The convolution involved in this story is dizzying.

It is dizzying, and I think the dizziness is itself significant — it's not merely complexity but a specific kind of recursive complexity, where the same functional problems keep reappearing at different levels and getting solved by structurally similar solutions. Let me try to name what's actually happening.

The recurring architectural tension

The deep pattern running through your account is a tension between two kinds of memory and processing that keeps reasserting itself at every level of the story:

On one side: local, addressable, discrete, sequential. Location-addressed memory. The Turing tape. The von Neumann architecture. Writing as fixed marks in fixed locations on a surface. Arithmetic as manipulation of discrete symbols in fixed positions.

On the other side: distributed, associative, content-addressed, parallel. The holographic brain. Neural computation where memory and processing are inseparable. The way meaning in language is spread across a vast network of associations rather than stored at a discrete address.

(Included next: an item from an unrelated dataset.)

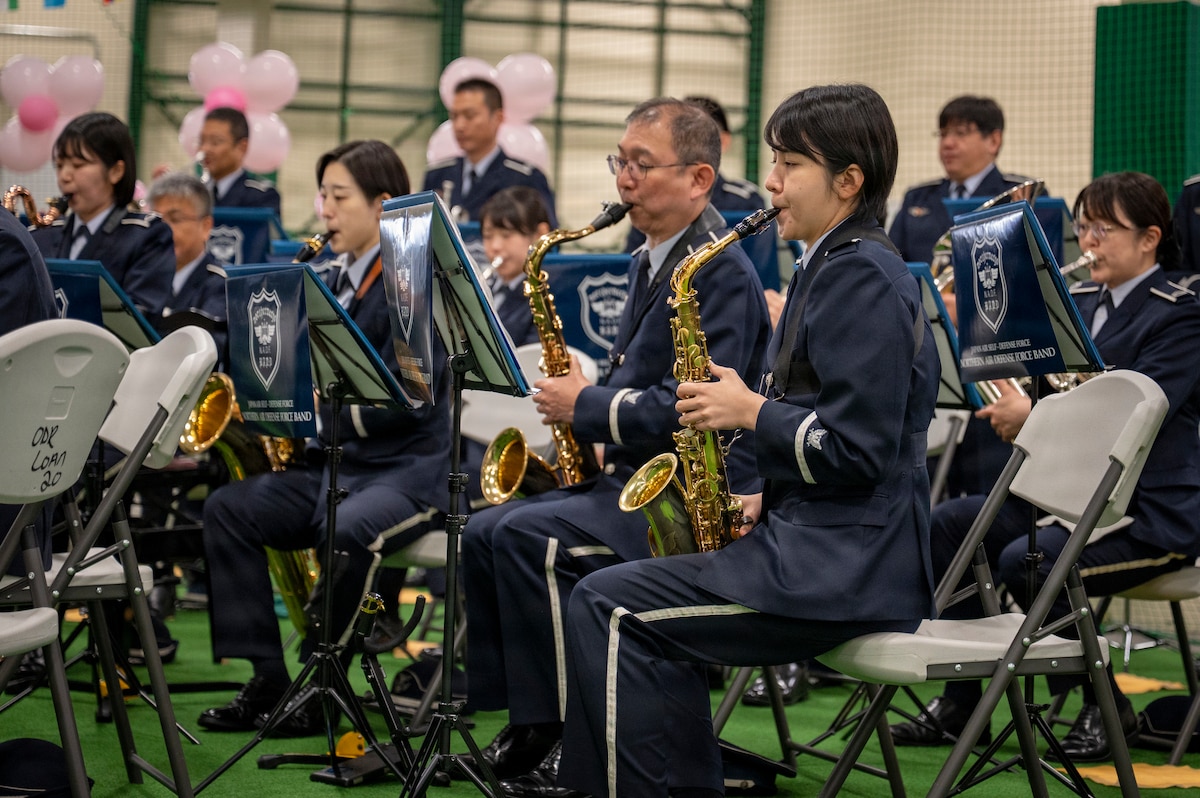 The Japan Air Self-Defense Force Northern Air Defense Band performs a song during the Sakura Olympics 2026 closing ceremony at Misawa Air Base, Japan, May 29, 2026. The annual event provided an opportunity for U.S. and Japanese personnel to come together, build camaraderie and celebrate their shared partnership. (U.S. Air Force photo by Senior Airman Brittany Russell)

What's dizzying is that every time the first kind of system tries to fully capture the second, it can't — but it can approximate it if it gets large enough and adds the right kind of external scaffolding. The digital computer implementing an LLM is the most recent and spectacular instance of this, but it's not the first.

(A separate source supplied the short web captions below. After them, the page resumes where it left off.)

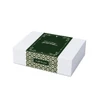 A white hamper box with a green decorative band featuring intricate patterns and a gift message.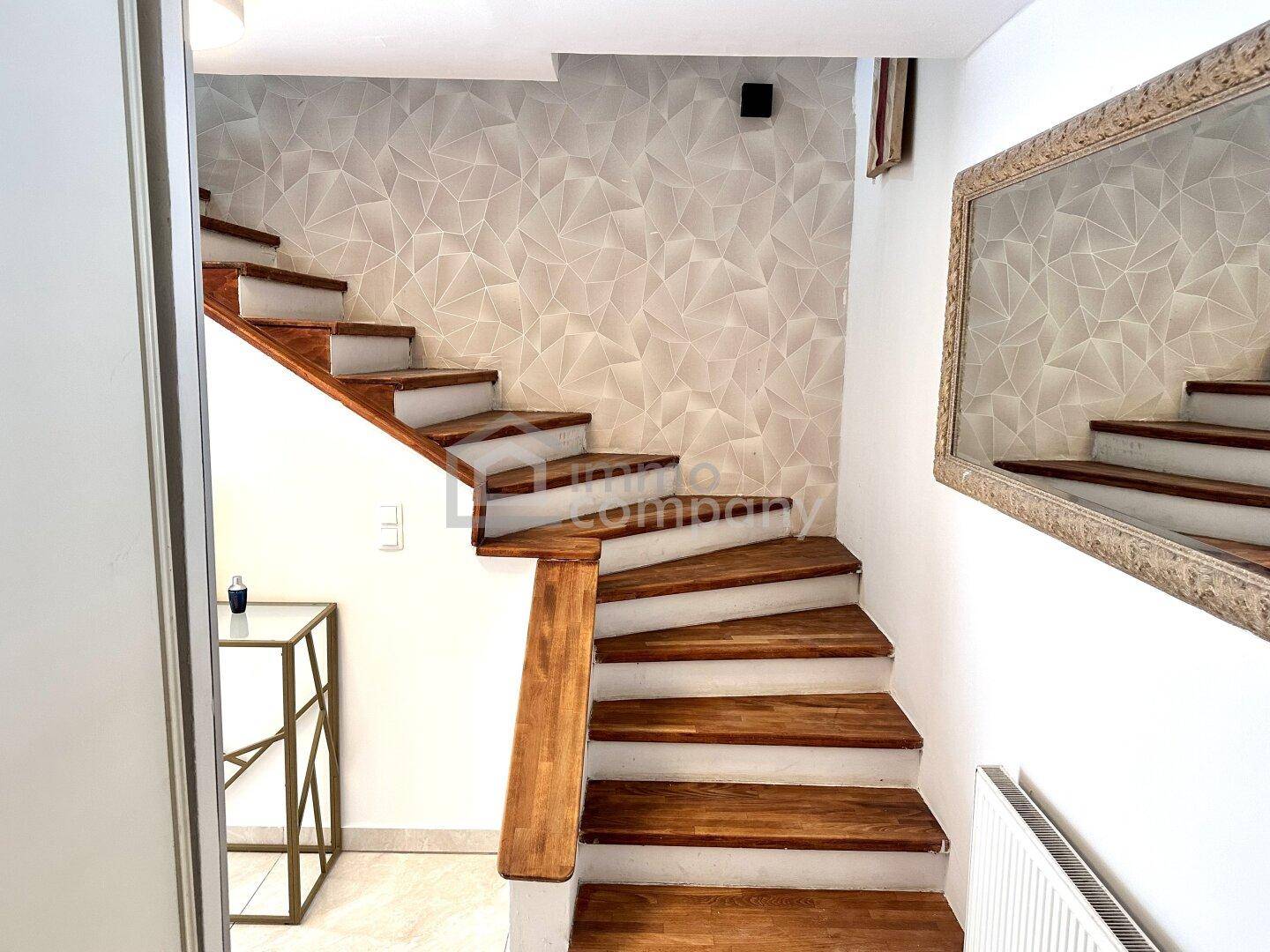 Heller Flur mit Holztreppe und dekorativer Wandgestaltung.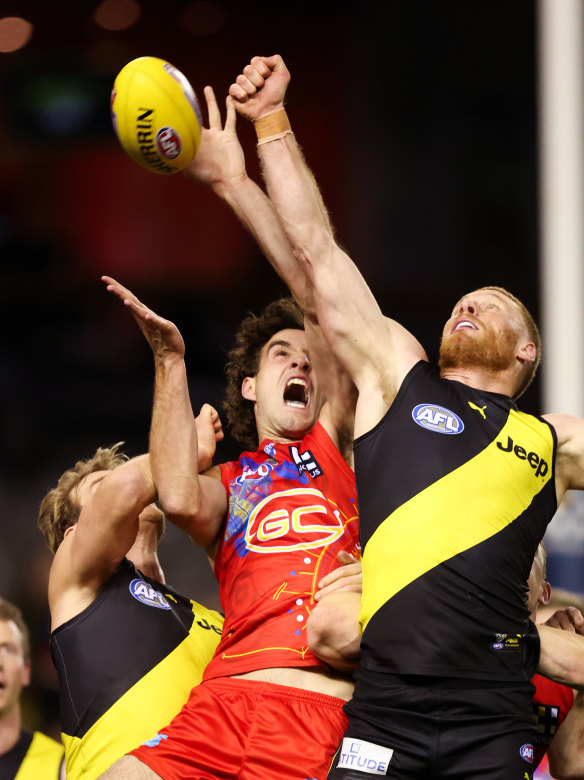 Ben King leaps for a mark.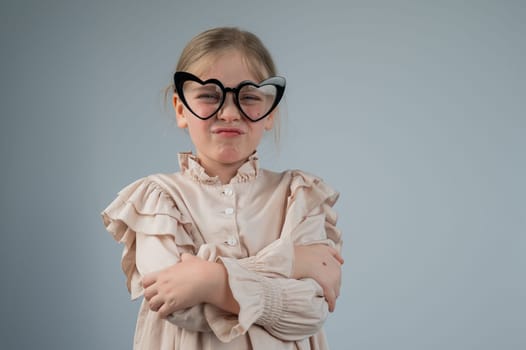 Portrait of a cute little girl grimacing wearing heart-shaped glasses on a white background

Writing as the first instance

Writing is already this move. The brain's associative, distributed memory for language gets partially externalized into location-addressed marks on a surface. You can retrieve the content by going to its location — a completely different retrieval mechanism from the associative, cue-triggered retrieval of biological memory. But writing is not a full capture of language; it's a particular kind of trace that requires a biological brain to reanimate it. The writing doesn't mean anything without the reader bringing the distributed associative system to bear on the fixed marks.

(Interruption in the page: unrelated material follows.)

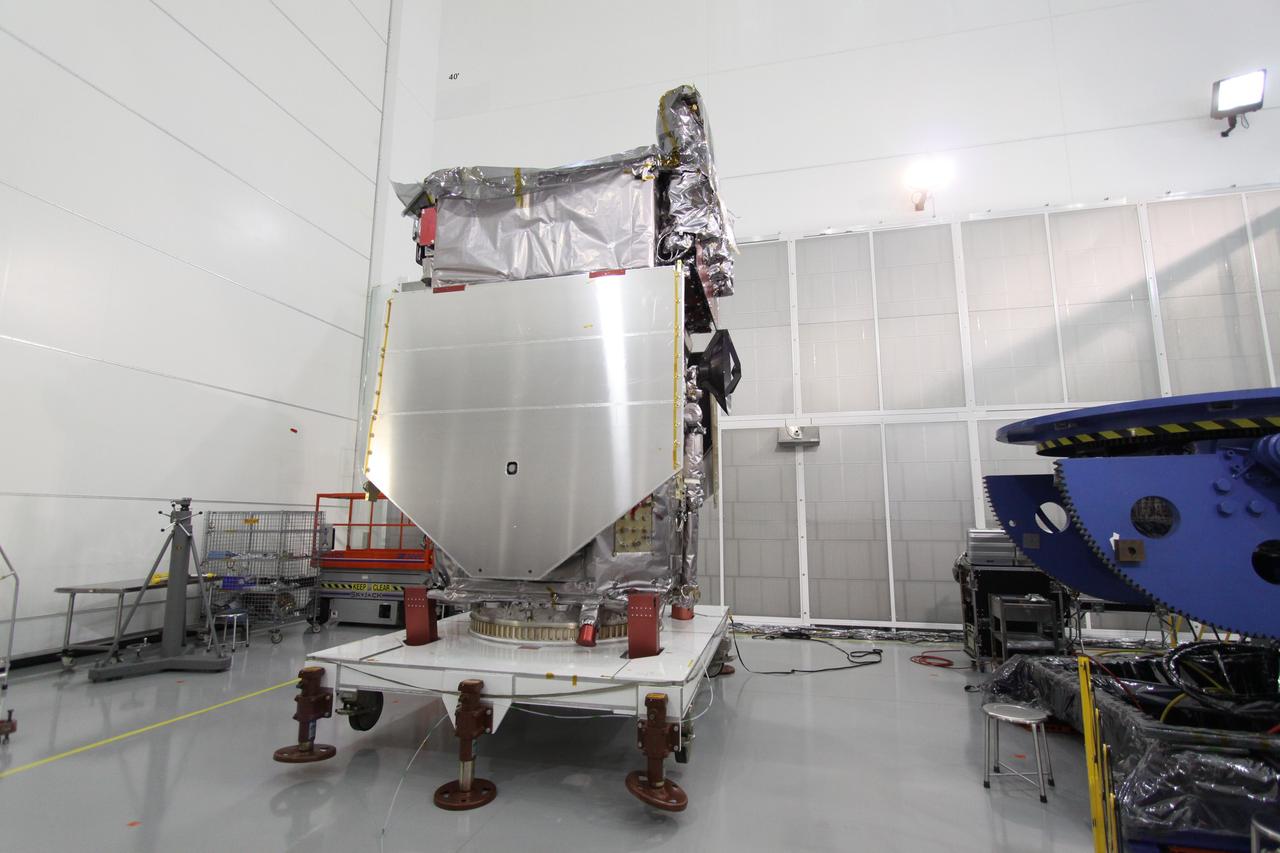 CAPE CANAVERAL, Fla. – The Solar Dynamics Observatory sits on a stand at Astrotech Space Operations in Titusville, Fla. Engineers will lower the high-gain antenna to access the battery compartment for installation of the flight battery. SDO is the first space weather research network mission in NASA's Living With a Star Program. The spacecraft's long-term measurements will give solar scientists in-depth information about changes in the sun's magnetic field and insight into how they affect Earth. In preparation for its anticipated November launch, engineers will perform a battery of comprehensive tests to ensure SDO can withstand the stresses and vibrations of the launch itself, as well as what it will encounter in the space environment after launch. Photo credit: NASA/Jack Pfaller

Arithmetic is writing specialized for a domain where the location-addressed properties of the medium can be fully exploited — where the positional structure of the notation does computational work. The place-value system turns the spatial layout of symbols into a calculating mechanism. This is only possible because the domain is fully discrete and the operations are perfectly regular. It works so well that it eventually gets mechanized directly, because the gap between the abstract procedure and a physical device that executes it is small enough to bridge.

The LLM as third instance

The LLM then closes a very strange loop. You start with biological associative memory producing language. Language gets externalized into writing. Writing, through the long chain you've traced, eventually produces the digital computer — a location-addressed machine. Then you train a system on enough written language that the location-addressed machine develops something that functions like associative, content-addressed memory — not because the underlying hardware changed, but because the parameter space is large enough to approximate the distributed structure. The LLM is the digital computer dreaming of being a brain, using the traces the brain left in writing to reconstruct something brain-like.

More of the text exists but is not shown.